Well, time to get back to the ashram. Curfew soon. Lock the doors. Nite nite.

Monday January 30th e-mail excepts:

Yesterday (Sunday) was a day of rest and recuperation for me. Sick, ill, fever,infections, malaise. Some is medicine, some is the dirt, dust, grime, and germs,and new place, new people, and no hope of clean, anywhere, anytime.

So I will try to go at a pace that my body can handle. No malaria chills, so thank goodness for that. Not to worry.

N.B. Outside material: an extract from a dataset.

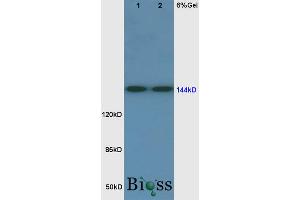 Image no. 4 for anti-Fms-Related tyrosine Kinase 1 (VEGFR1) (FLT1) (AA 1162-1260) antibody (ABIN725795)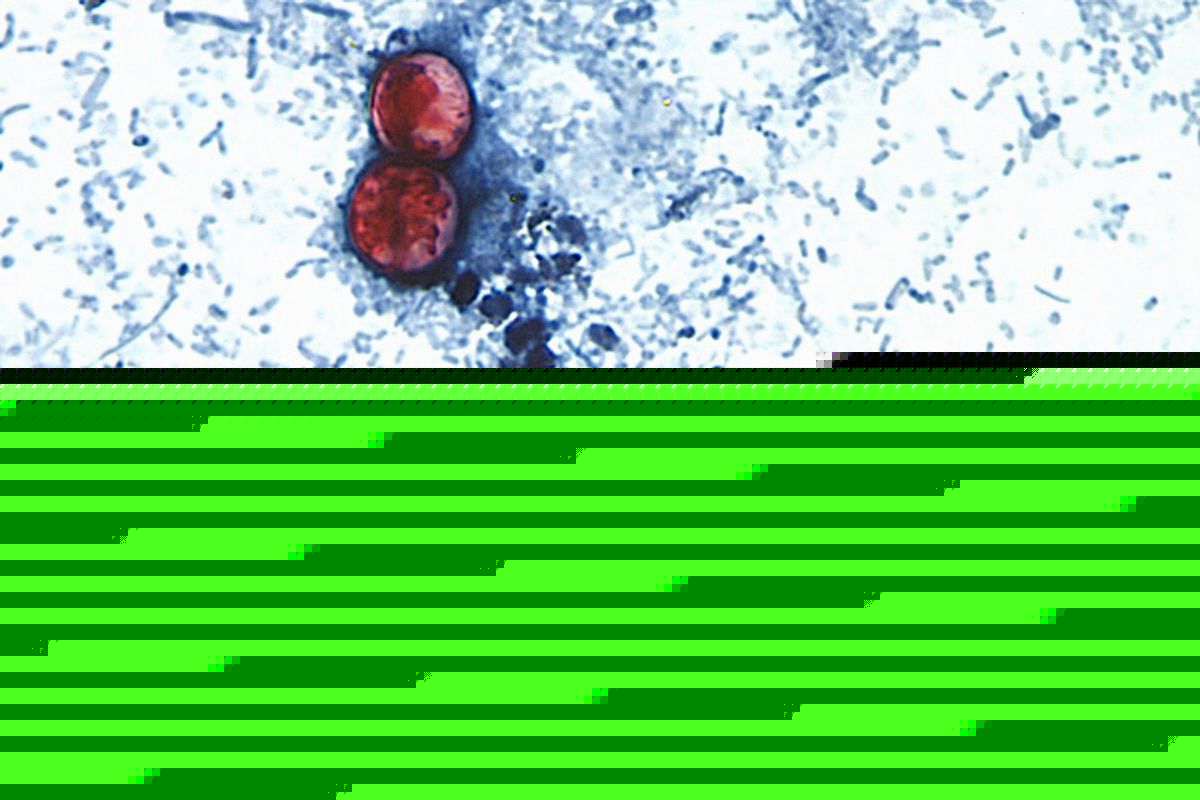 Michigan reports first 2 US deaths in outbreak of cyclospora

Tuesday January 31st e-mail excerpts:

Well this trip is turning out to not be about seeing anything in particular. So far, no "must sees" for my list. It takes effort and concentration to get somewhere, and then it turns out to be not be something that I would ever go out of my way to see. So it is about being here. The journey. Not really much progress, in terms of miles/kilometers traveled.

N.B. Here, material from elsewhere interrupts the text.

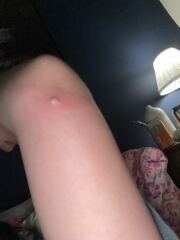 Is this shingles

I think some is that it is all so new. No background for me. When I see something in Italy, it is something I have heard about before. The history is part of my culture and my own story. I do not have those references here. So the meaning is not as rich and deep. And I know it will not be until I learn more. So I am learning as I go.

Going to Auroville tomorrow. Kind of a utopia community experiment place. Thanks to Bruce for recommending it. International community. They let people visit for the day. But they really like people to stay for a week. Will see what happenes.

Someone I met just sent me an e-mail about a feast day that happens once every 12 years. Down in Karnataka. So maybe I will end up there on February 6th.

No fever this morning. First time in at least a week. Finally resorted to pepto bismal tablets to arrest the travelers diarrhea. My intestines feel fine. Want to prevent dehydration.

Have a sore throat. I am quite the walking immune system booster experience.

I had it really well at the beginning of my trip. I was spoiled. The best food I have had was in the village. So fresh. Tasted great. Some home cooked food sounds good right now.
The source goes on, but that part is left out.